O dólar americano é oficialmente a moeda de reserva internacional e representou, em 2020, 59% das reservas de moeda estrangeira detidas pelos diversos bancos centrais.

Para populações de mercados emergentes, possuir dólares americanos é normalmente uma forma mais segura de conservar o valor do seu dinheiro, do que detendo moeda do seu próprio país. Olhando apenas aos maiores países de entre as economias menos desenvolvidas, vemos um traço comum de desvalorização da moeda local face ao dólar:

  • A Rupia indiana perdeu 37% face ao dólar nos últimos 10 anos
  • O Real brasileiro perdeu 68% face ao dólar nos últimos 10 anos
  • A Lira turca perdeu 79% face ao dólar nos últimos 10 anos
  • O Rublo russo perdeu 60% face ao dólar nos últimos 10 anos

Devido a esta constante tendência de desvalorização da moeda local, as populações de economias menos desenvolvidas habituaram-se a trocar parte das suas poupanças por dólares americanos ou ouro. Neste cenário, o ouro pode ser um substituto válido do dólar americano como reserva de valor, uma vez que tendencialmente valoriza face ao dólar.

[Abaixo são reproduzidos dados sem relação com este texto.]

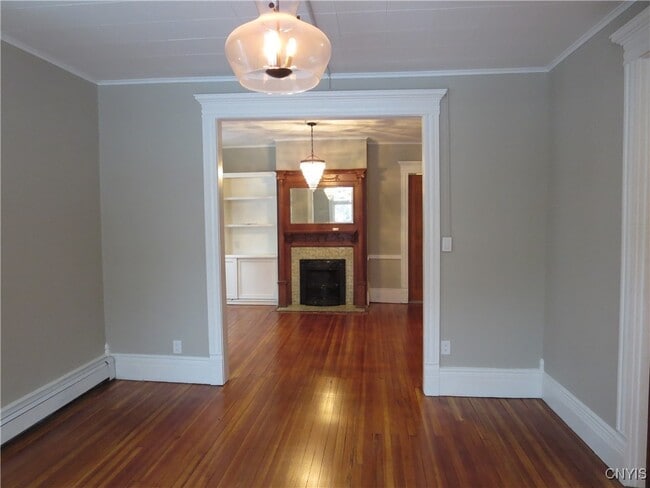 property at 1725 James St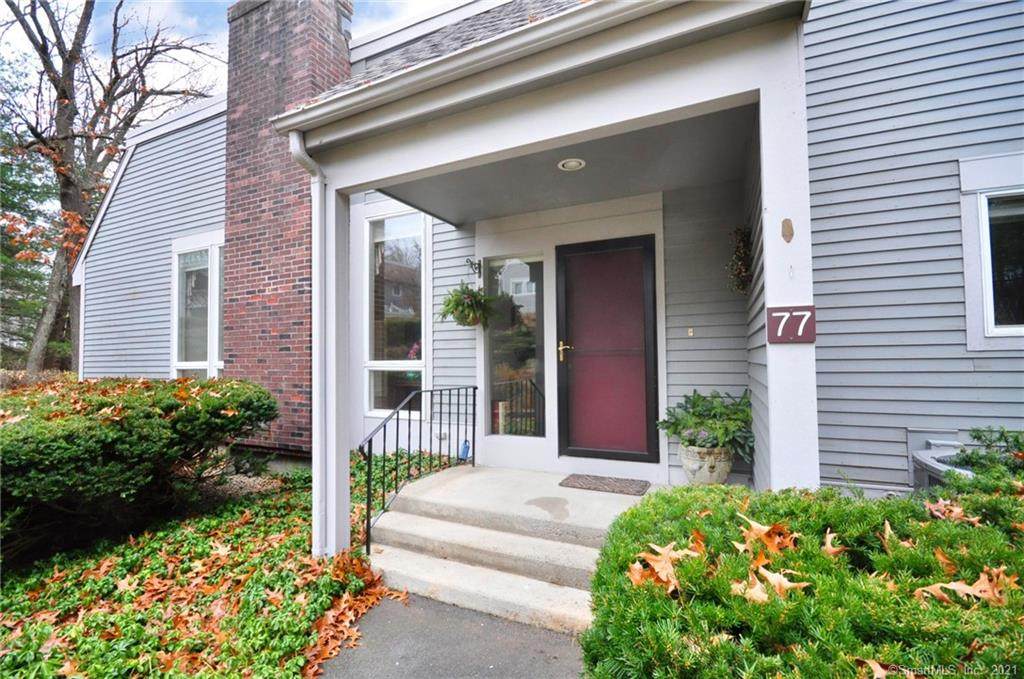 77 Byron Drive - Photo 1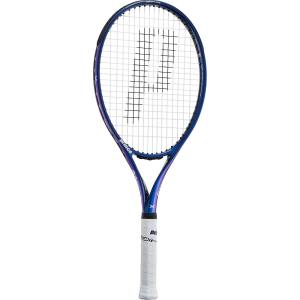 プリンス Prince プリンス 7TJ184 エックス105 270g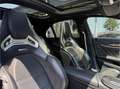 Mercedes-Benz E 63 AMG S 4MATIC+ Keramisch + Kuip Carbon Grau - thumbnail 39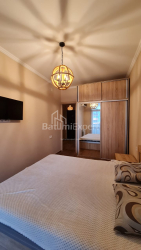 Apartment 52 m² - Iusuf Kobaladze, Batumi, Georgia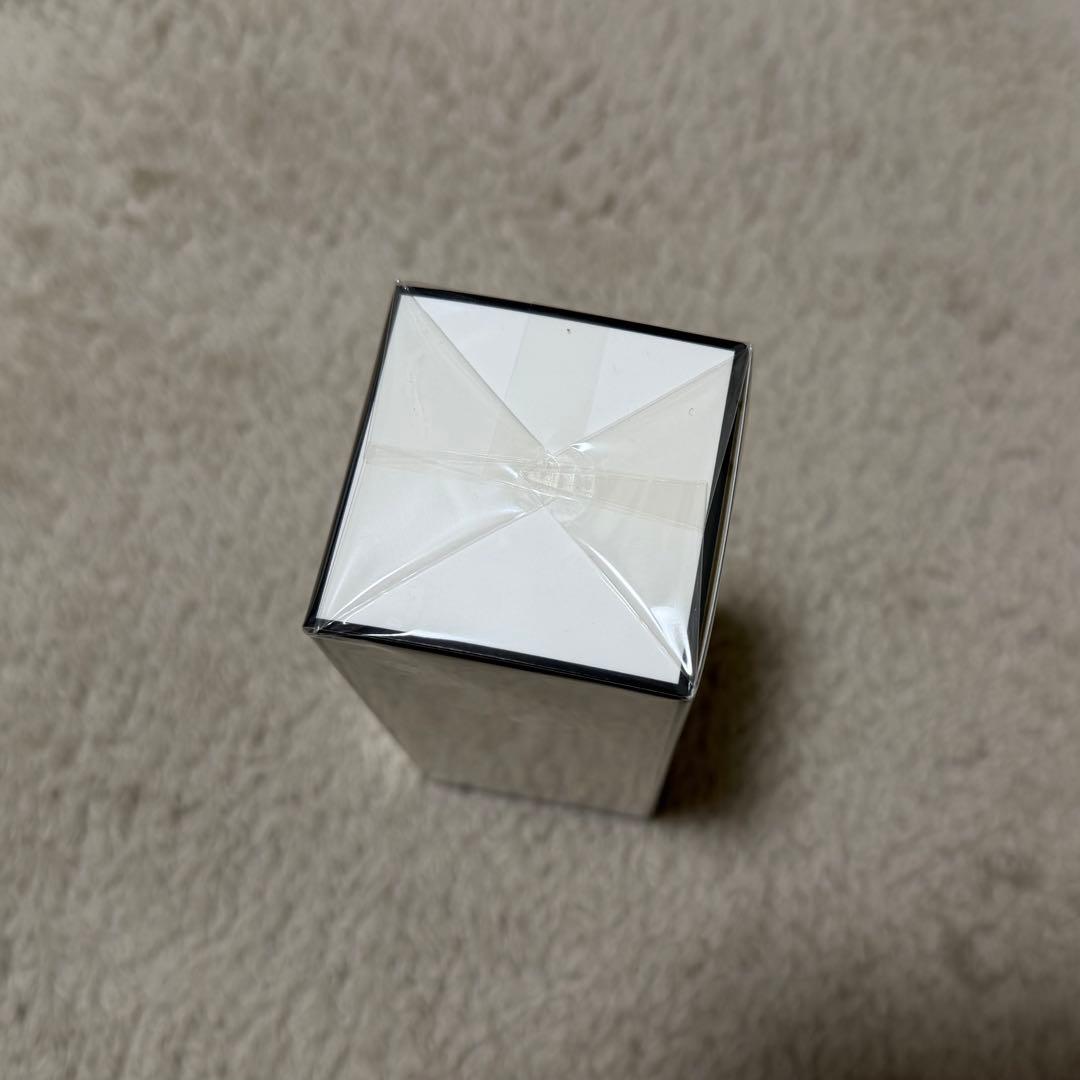 CHANEL N°5 ロー フレッシュ ローション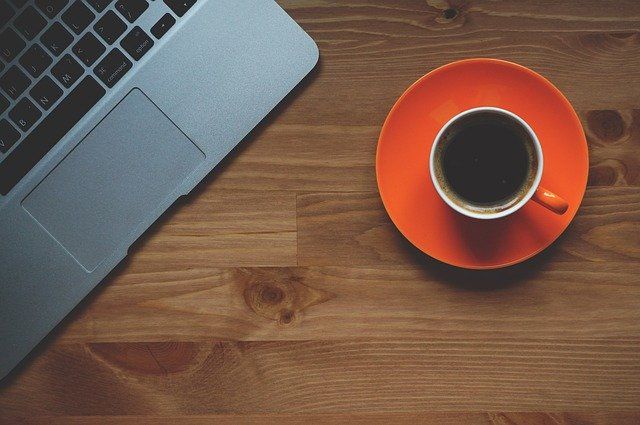 Caffe for Windows安装与配置
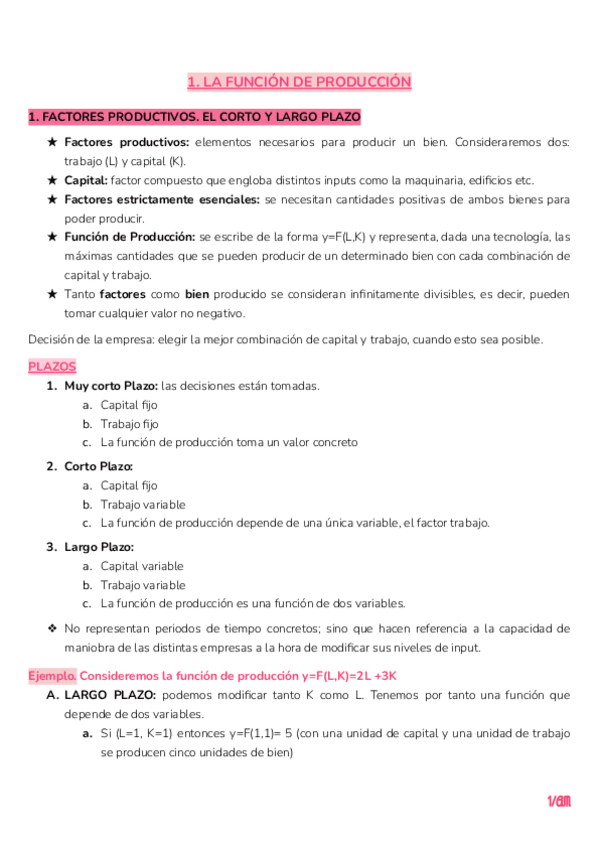 Miniatura del documento MICRO.pdf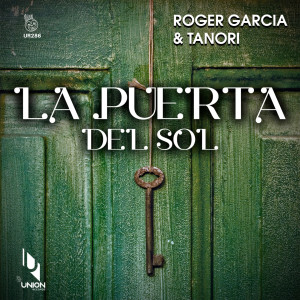收聽Roger Garcia的La Puerta del Sol (Extended Mix)歌詞歌曲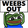 WeebsOut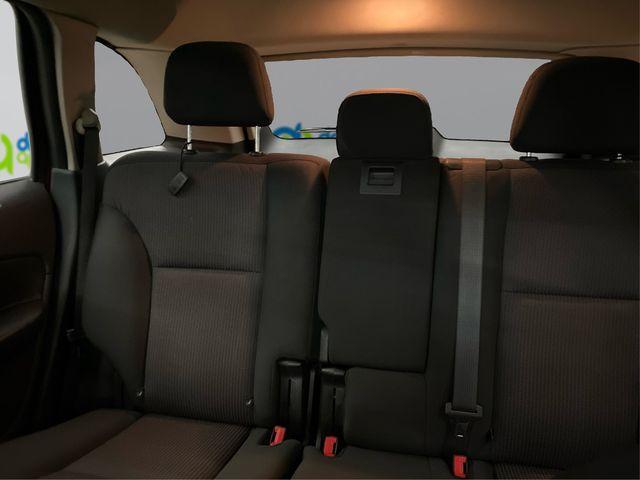 used 2013 Ford Edge car, priced at $10,990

No caso de investidores europeus, a necessidade de trocar moeda local por moeda estrangeira não é tão premente, uma vez que o Euro, a Libra esterlina ou o Franco Suíço são já elas próprias moedas de reserva secundárias, cuja estabilidade é muito mais sólida do que a da lira turca ou do real brasileiro. Não existindo a necessidade de reservar poupanças em moeda estrangeira, a questão de optar entre ouro ou dólar americano também não se coloca.

Veredito: Possuir ouro como complemento a dólares americanos faz sentido para investidores baseados em economias menos desenvolvidas. Para investidores europeus, a minha preferência recai sobre poupanças em moeda local, por forma a evitar risco cambial (moeda estrangeira) e volatilidade (ouro).

Conclusão

O ouro tem a capacidade de aumentar os retornos de um portfolio e reduzir a sua volatilidade, parecendo também ser resiliente em períodos de maior inflação e de instabilidade geopolitica. Também me parece uma boa forma de prevenção face aos riscos associados ao sistema financeiro atual. Não recomendaria ouro como forma de proteger o valor de poupanças de investidores europeus (ou americanos), especialmente num horizonte temporal de curto prazo.

Considerando os prós e os contras identificados, concluo que o ouro justifica uma alocação de 5% a 10% num portfolio de investimento diversificado, algo que está em linha com a opinião de alguns (mas não todos) dos principais investidores mundiais.